A full 60% of the shoreline is reeds and marsh, limiting summer cottages and full time residences to a small area along the bank. Many of these lakefront properties are available as vacation rentals, usually with boat and dock included. A hard sandy bottom provides excellent swim areas for children.The wealth of game fish will keep all of the family fisher-folk happy. Walleye, northern pike, large & small mouth bass, muskie, bluegill, crappie, perch and lake sturgeon are caught. The shallow depths lend themselves to excellent ice fishing; well-bundled ice fishermen arrive the minute there is enough ice to be safe. All Wisconsin lakes carry a standard fish consumption advisory but fish are safe to eat in limited quantities. The DNR plants fingerlings on a regular schedule to assure a plentiful supply. Several public boat launch sites are located around the lake. The shallow lake lends itself to canoeing and kayaking, along with windsurfing and the sailing of smaller boats.

The local Lake Puckaway Protection and Rehabilitation District has monitored water quality for many years and has restoring the lake to optimum health after several years of degraded water quality. Several state-controlled wildlife areas are located near the lake, including Grand River Marsh and Grand River State Hunting Area four miles south of the lake. Extensive wetlands lend themselves to excellent bird and wildlife watching. Great blue herons and double-breasted cormorants make themselves at home in the shallows along with a variety of ducks and shorebirds. Both the small lakefront lanes and public trails provide plenty of room to hike, mountain bike and skateboard. The tiny town of Marquette on the south shore is geared for lake visitors and has a full range of amenities such as bait, gas, groceries and lodgings. Golf courses are nearby.
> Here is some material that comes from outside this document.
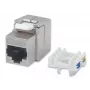IC Intracom Intellinet - Conector fêmea Keystone - RJ-45 (W) - FTP - CAT 6a - Conector fêmea Keystone - prateado (771986)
Located amid Wisconsin’s productive farming region, Lake Puckaway is only 90 miles from Milwaukee and 45 miles from Oshkosh. The distance is perfect for week-end get-aways or a home base for the summer. Real estate is occasionally available either on the lakefront or with lake views. Several resorts along the shore occupy the same spot they’ve held for generations, some with camping available. Property owners regularly rent their Lake Puckaway homes by the week or month, so vacation rentals aren’t hard to find. Many families return year after year to their favorite cottage with a standing reservation. And, sooner or later, most try to purchase a piece of Lake Puckaway lakefront heaven to call their own. So, leave the big boats to Green Lake and join the laid-back atmosphere at Lake Puckaway. Before you know it, you’ll be a Puckaway regular, too.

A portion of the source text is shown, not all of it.